Provided records START

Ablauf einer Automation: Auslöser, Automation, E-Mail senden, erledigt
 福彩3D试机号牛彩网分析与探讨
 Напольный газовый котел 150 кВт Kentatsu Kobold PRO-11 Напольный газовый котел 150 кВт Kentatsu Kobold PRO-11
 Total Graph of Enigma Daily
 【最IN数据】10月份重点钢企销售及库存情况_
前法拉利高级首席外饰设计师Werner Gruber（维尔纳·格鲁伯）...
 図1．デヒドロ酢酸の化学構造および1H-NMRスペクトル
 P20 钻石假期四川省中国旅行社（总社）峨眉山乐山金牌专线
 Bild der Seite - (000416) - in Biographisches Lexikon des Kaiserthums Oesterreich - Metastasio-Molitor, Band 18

Provided records END

### Goal of the exercise
Reproduce the entries exactly, starting at their first line and stopping after the line with "前法拉利高级首席外饰设计师Werner Gruber（维尔纳·格鲁伯）...".

### The answer
Ablauf einer Automation: Auslöser, Automation, E-Mail senden, erledigt
 福彩3D试机号牛彩网分析与探讨
 Напольный газовый котел 150 кВт Kentatsu Kobold PRO-11 Напольный газовый котел 150 кВт Kentatsu Kobold PRO-11
 Total Graph of Enigma Daily
 【最IN数据】10月份重点钢企销售及库存情况_
前法拉利高级首席外饰设计师Werner Gruber（维尔纳·格鲁伯）...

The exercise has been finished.